Retype, without pictures, the line holding "Hi guys and" and each line below it through the final line.

▶ EXTRACTED ENTRIES
----

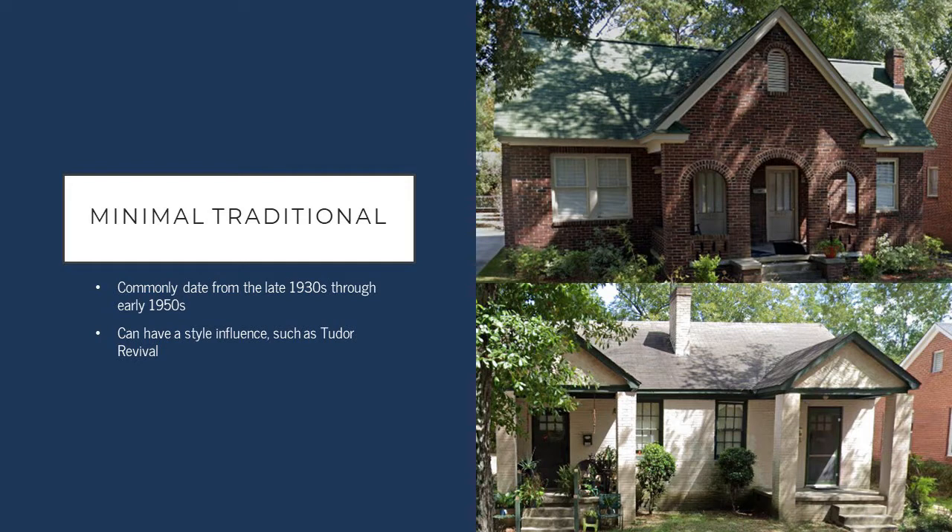Many of the minimal traditional style buildings found in Cottontown are also duplex structures. These are historic to the district and an important part of the development of the area.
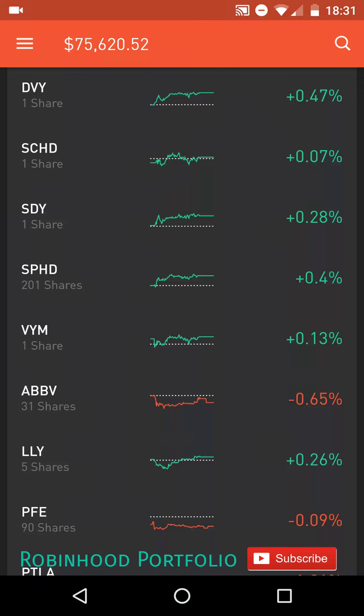Hey guys, what is going on? Welcome back to my Robinhood portfolio. Today I thought I would do an update video detailing you guys what is in my portfolio with all stocks listed and any significant changes since I made my last update video, which I believe was a few weeks, maybe about a month ago.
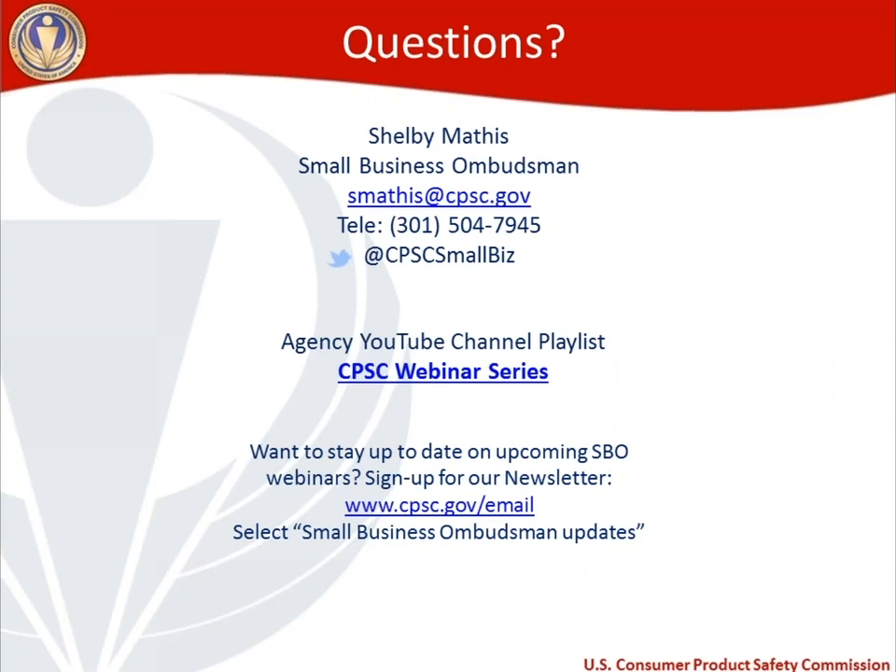With that, it looks like time is up. I want to make sure we end on time. Thank you everyone for attendance, and I'll see everybody next month. Thank you.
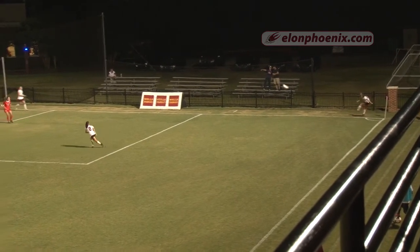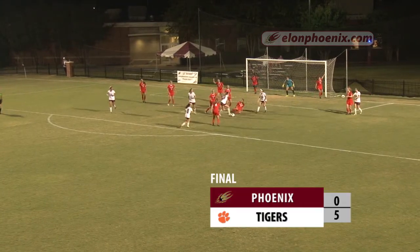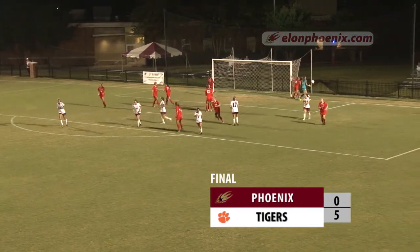Elon looking to get on the board here. Ball sent in — good ball in. Rattling around back there. Elon with a shot and it just goes wide.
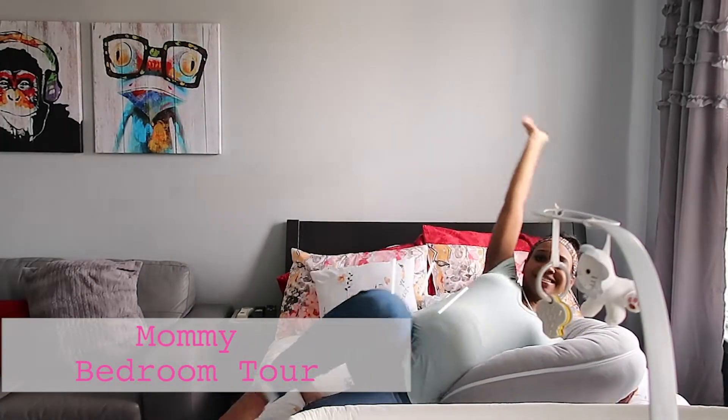Hi guys and welcome back to my channel. My name is Yasmin and I'm going to be showing you guys my bedroom.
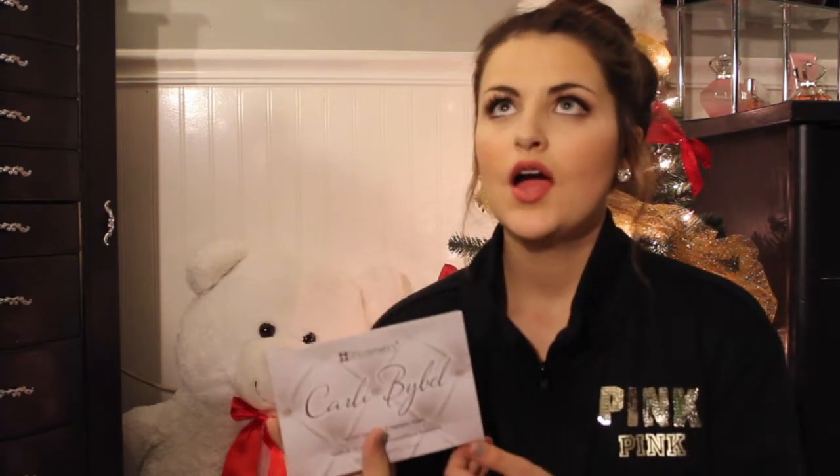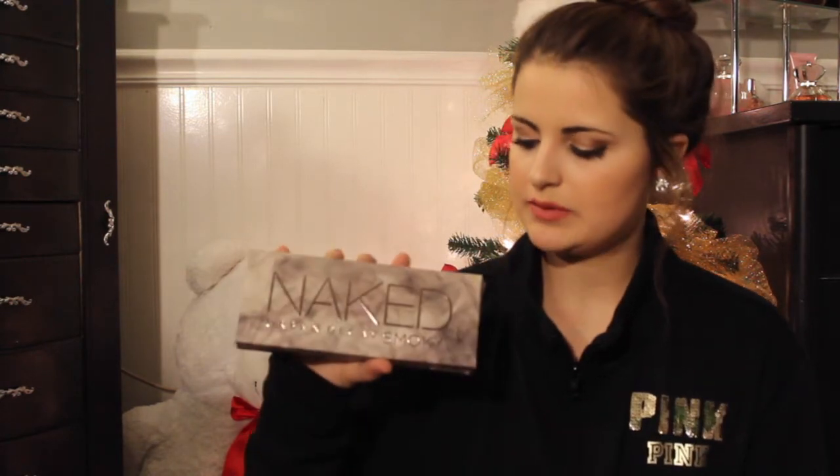I got three palettes. First, the BH Cosmetics Carli Bybel palette — these are the most beautiful shades and it was only $12.50, which is insane. I also got the Gwen Stefani Urban Decay palette, which is beautiful too, though I haven't tried it yet. I tried the Carli Bybel palette — I love it, it's on my eyes right now. And finally, I got the Urban Decay Naked Smoky palette. I am so excited — I love the Naked palettes, I think they are amazing.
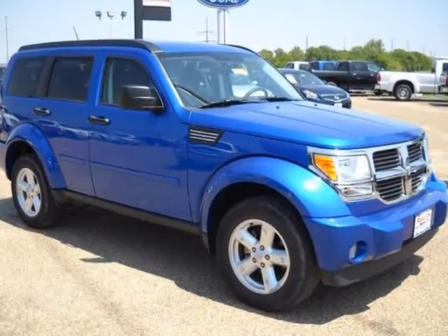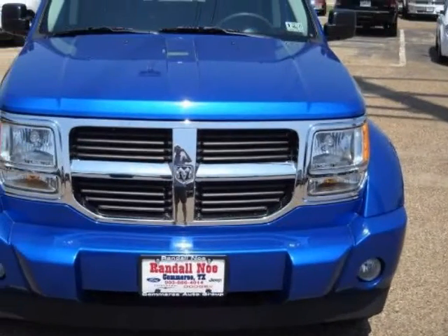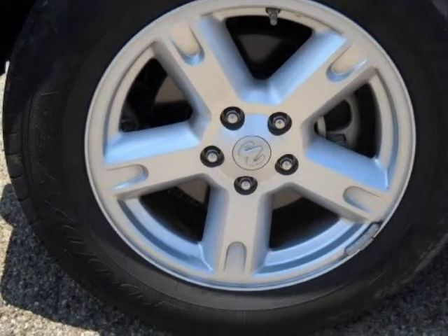I have the retro design making me stylish and very affordable. I have a huge interior which makes me very practical. Visit today for a test drive and you will be convinced that I am the best-looking car on the market, with numerous features that will impress you and your family.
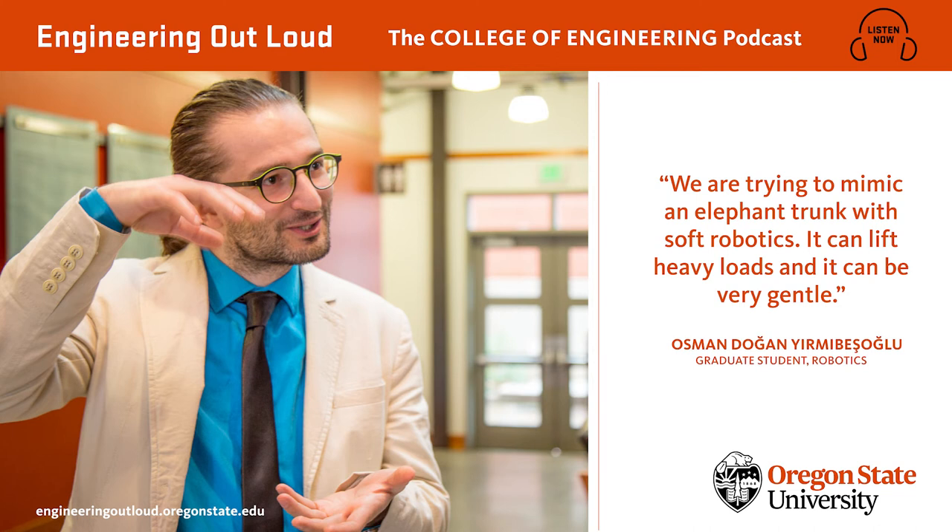For now, most soft robots are tethered to their control systems, which may limit their range. But eventually, as controllers get smaller, the robots will become self-contained. The supple elasticity of soft robots — their ability to compress and stretch and twist and bend — defines their essential nature: adaptability. That quality will one day enable them to become inexpensive replacements for some rigid robots and accomplish tasks that rigid robots aren't well suited for.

----

▶ EXPECTED OUTPUT
Hi guys and welcome back to my channel. My name is Yasmin and I'm going to be showing you guys my bedroom.
I got three palettes. First, the BH Cosmetics Carli Bybel palette — these are the most beautiful shades and it was only $12.50, which is insane. I also got the Gwen Stefani Urban Decay palette, which is beautiful too, though I haven't tried it yet. I tried the Carli Bybel palette — I love it, it's on my eyes right now. And finally, I got the Urban Decay Naked Smoky palette. I am so excited — I love the Naked palettes, I think they are amazing.
I have the retro design making me stylish and very affordable. I have a huge interior which makes me very practical. Visit today for a test drive and you will be convinced that I am the best-looking car on the market, with numerous features that will impress you and your family.
For now, most soft robots are tethered to their control systems, which may limit their range. But eventually, as controllers get smaller, the robots will become self-contained. The supple elasticity of soft robots — their ability to compress and stretch and twist and bend — defines their essential nature: adaptability. That quality will one day enable them to become inexpensive replacements for some rigid robots and accomplish tasks that rigid robots aren't well suited for.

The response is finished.